A vitória e a reação ao 2-1

"Quando viemos de Faro introduzimos no processo de treino várias alterações, com treinos muito mais intensos e mais competitivos. Alterámos a nossa forma de jogar em definitivo e frente ao Estoril, na minha opinião, demos uma imagem de qualidade. O campeonato parou e consolidámos o processo. Veio a Taça de Portugal e a equipa continuou a trabalhar muito bem durante a semana. Houve um período de interregno, a equipa continuou a trabalhar e debaixo de uma vitória. Quando viemos jogar com a Oliveirense sabíamos que íamos encontrar uma equipa também nervosa na classificação e num jogo em que é importante marcar primeiro. É preciso entrar a marcar. E foi isso que nós fizemos três vezes na primeira parte.
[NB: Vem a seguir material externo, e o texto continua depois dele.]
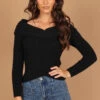 Valerie Off Shoulder Knit Sweater - Black -Giordano Style petal and pup usa knitwear valerie off shoulder knit sweater black 32542548164785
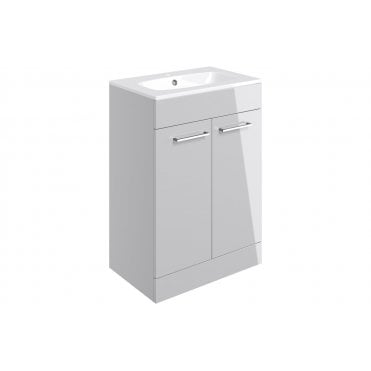 Frascata 610mm Floor Standing 2 Door Basin Unit w/Basin - Grey Gloss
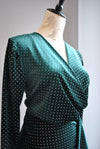 EMERALD GREEN VELVET WITH STUDS MINI PARTY DRESS WITH SIDE RUSHING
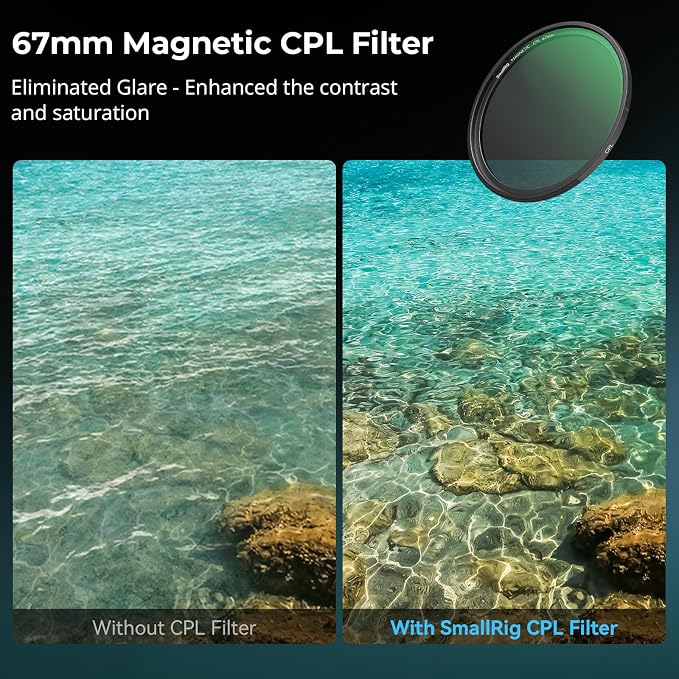 SmallRig 5-in-1 Magnetic 67mm Lens Filter Kit: VND + CPL + Black Mist 1/4 + Threaded Adapter Ring + Lens Cover + Storage Bag + Cleaning Cloth, Camera Filter Set for iPhone Lens - 4726 - Image 4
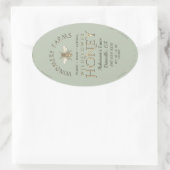 Queenline Honey Label 16/32oz Honeycomb Bee Sage (Tas)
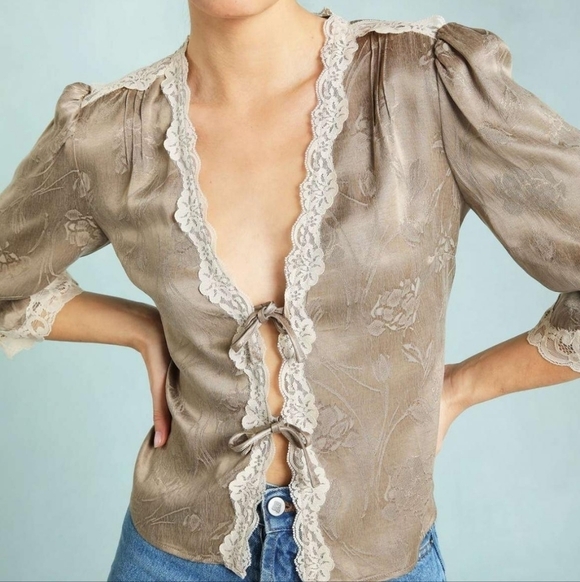 Rouje Aldo Top in Jacquard Sable size 42 NWT - Picture 2 of 10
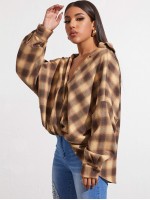 Drop Shoulder Oversized Plaid Blouse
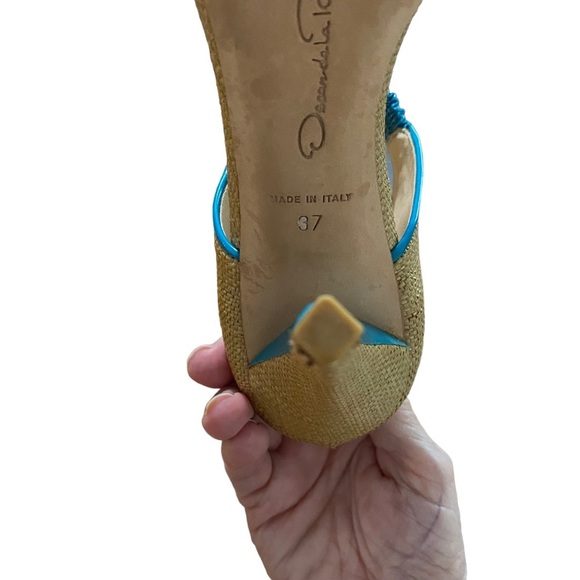 OSCAR DE LA RENTA - OPEN TOE BEIGE RAFFIA & TURQUOISE PATENT LEATHER - SZ 37 S8 - Picture 6 of 14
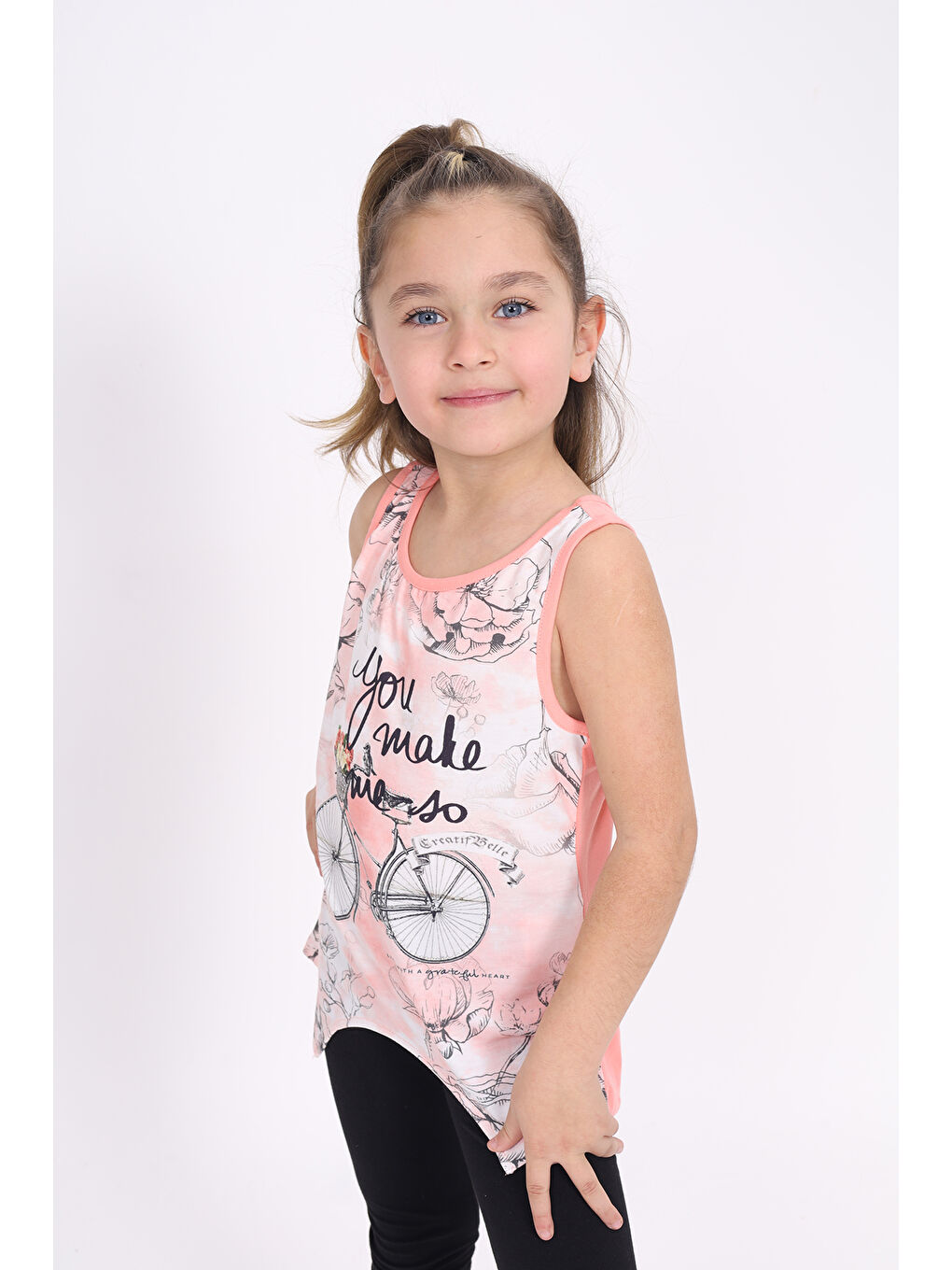Pembe Kız Çocuk Bisiklet Baskılı Atlet-1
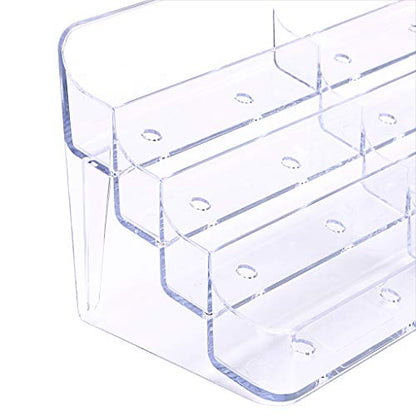 Hipiwe 2Pcs Acrylic Business Card Holder 8-Slot Desktop Card Display Stand - color: Transparent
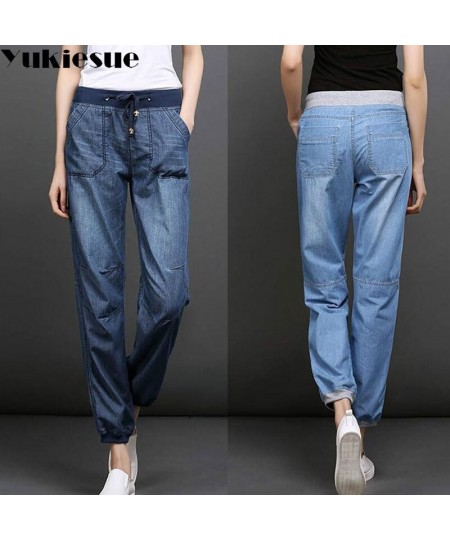 High waist jeans woman loose elastic waist casual soft denim harem pants female jeans women trousers clothe S-4XL jeans femme...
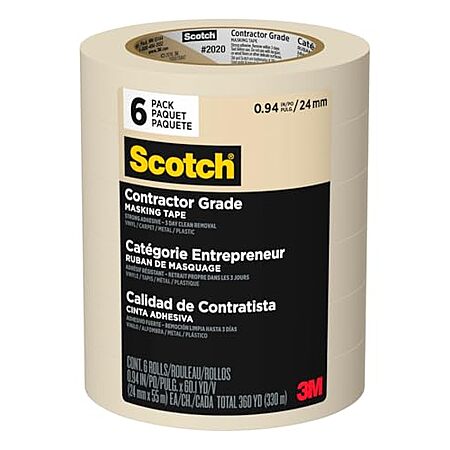 $6.68 | 6-Rolls Scotch Contractor Grade Masking Tape, 1 Inch Wide (0.94 in. x 60.1 Yds) at Amazon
À partida, tudo poderia estar consolidado mas estava só 2-0. Fizemos o primeiro e segundo golos e acabámos a primeira parte com uma imagem de personalidade." 

"Senti um peso muito grande em cima dos jogadores ao intervalo porque era importante ganhar, sair do último lugar. A equipa precisava de estabilidade mas era importante entrar bem no jogo na 2ª parte onde não tivemos bola. Ao não ter bola contra o vento e não podendo sair a jogar num futebol mais direto… perdemos equilíbrio. Quando o nosso jogador estava caído no chão, aparece o 2-1. Nós, naquele momento, trememos um pouco. Há um lance de bola parada e aparece o 2-2. Felizmente também há treinadores com felicidade a mexer na equipa. O treinador Filipe Moreira após o 2-2 fez, curiosamente, três alterações seja o Pepo a bater o canto, o Tocantins a marcar o golo ou o Marco Grilo a entrar muito bem no jogo. Correu tudo muito bem nesse propósito. A nossa equipa conseguiu dar a volta naquela parte final e conseguimos voltar a ser melhores. Como é que fomos melhores? Não só a ter bola mas também na atitude, na garra que era aquilo que nos estava a faltar em determinados momentos. Este jogo envolve alguma condição física pesada na segunda parte para nós em função da assimilação de muitos jogadores envolvidos neste processo, como se fosse uma espécie de pré-época. Havia uma ansiedade enorme a querer defender o 2-0 e esquecemo-nos que tínhamos de ter bola e jogar. Quando foi necessário voltar ao jogo fizemos a diferença com o treinador no banco e os jogadores dentro de campo. Acabámos, no cômputo geral, por ser melhor equipa e justificar o resultado. A Oliveirense entrou melhor na 2ª parte, teve o mérito de fazer os dois golos, incomodou-nos naquele propósito mas a nossa reação justificou o 3-2 final."

Triunfo 'liberta' jogadores para o que aí vem?

"Sabíamos que o calendário inicial iria ser muito complexo. Num ou noutro jogo justificávamos um bocadinho mais, na minha opinião. Foi o caso do jogo com o Sp. Covilhã e no caso do Nacional posso dizer que taticamente o adversário num determinando período foi melhor e a vantagem de jogar contra 10 ajudou na parte final. Com o Estoril não fomos felizes na primeira parte, o resultado é uma mentira mas no cômputo geral, no segundo tempo não estivemos ao nosso nível. Foi difícil a parte inicial do campeonato com uma vitória de qualidade com o Benfica B e uma vitória justa hoje. Passámos a Taça de Portugal e vamos ter mais uma paragem de campeonato. Vamos defrontar o FC Porto B e depois o Casa Pia. Teoricamente são equipas para as quais podemos olhar com mais segurança em função da classificação, eventualmente, e do investimento que essas mesmas equipas fizeram no próprio campeonato. Tem sido muito complicado e difícil e dou os parabéns aos jogadores. Foram eles os grandes obreiros deste resultado. Acreditaram no processo e trabalharam até ao limite. Este é o nosso estilo. Esta vitória só é possível porque eles acreditaram até ao fim para dar a volta à situação. Estamos muito felizes e acho que já merecíamos este bocadinho de sorte a acabar o jogo. No próprio jogo, a sorte não esteve connosco em alguns momentos, na minha opinião. Falo de alguns lances de bola parada, o lance com o Silas isolado, o golo que daria mais conforto, etc. Estou feliz pelos jogadores e por toda a estrutura tendo em conta o que temos feito."